Hokay. So for anyone who ever cared to read the garbage I spew here, we all know that I had let my life explode to smithereens. Yes I did. I tore this page apart too and well, it hasnt been the same since. Now if there were queries if I have come to regret any of it, the answer is - NO.
Bumming right now, the vacation is well...wait....four more days to officially make it a month. Lost all of what folks said was important, and realized that all of it was superficial. None of it made any more sense to me, and I felt so tired about all of it. It held no meaning for me anymore. So what do you do then? I got up my desk, and walked away.
Been sleeping a lot and looking around. Haven't picked up a pen although I did dawdle. Ended up with a lot of incoherent phrases. So I didn't. No net no phones no nothing. Fall off the edge of the planet, and do it literally. Kept taking notes though, so if anyone thought I was spent, oh baby you should see the axe I keep sharp at the back of my door. I just don't want to go chopping just yet.

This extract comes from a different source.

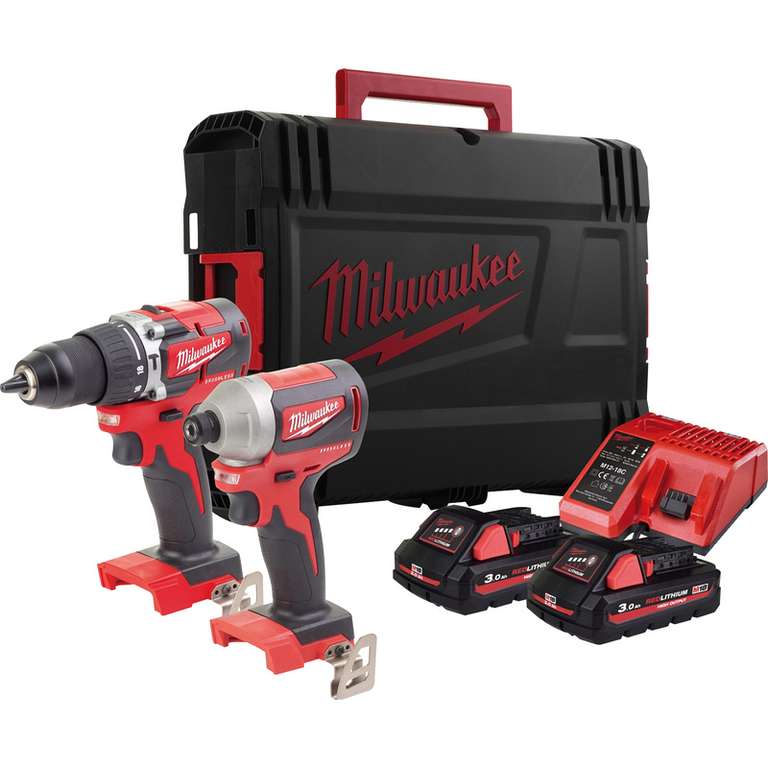 Milwaukee M18CBLPP2F-302X 18V Compact Brushless Combi and Impact Driver Twin Kit 2 x 3.0Ah High Output -£199.98 (+10% Via App) @ Toolstation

There are stories to be told, of here and there. Enough of the wandering soul. There is a tale to be told here, and I believe there will be a lot of hate when I start opening my mouth. Then again, I've made a lot of enemies and false friends too. Funny how people can be so strong when your back is turned to them. Oh yeah, please remember why you couldn't really go toe to toe with me, because well... I think I've turned nice. But I am still vengeful. Yeah nice. But not a saint.
Why am I resurfacing? There are a lot of tales. Of places. Of occurences. Of people. Of love. I am a writer first and foremost. I write and I blab. Now if you don't like me, have never or will never, here's what I tell you with a smile: "You may bite my brown hairy butt."
Now go on to the other more substantial bloggers out there. Shoo!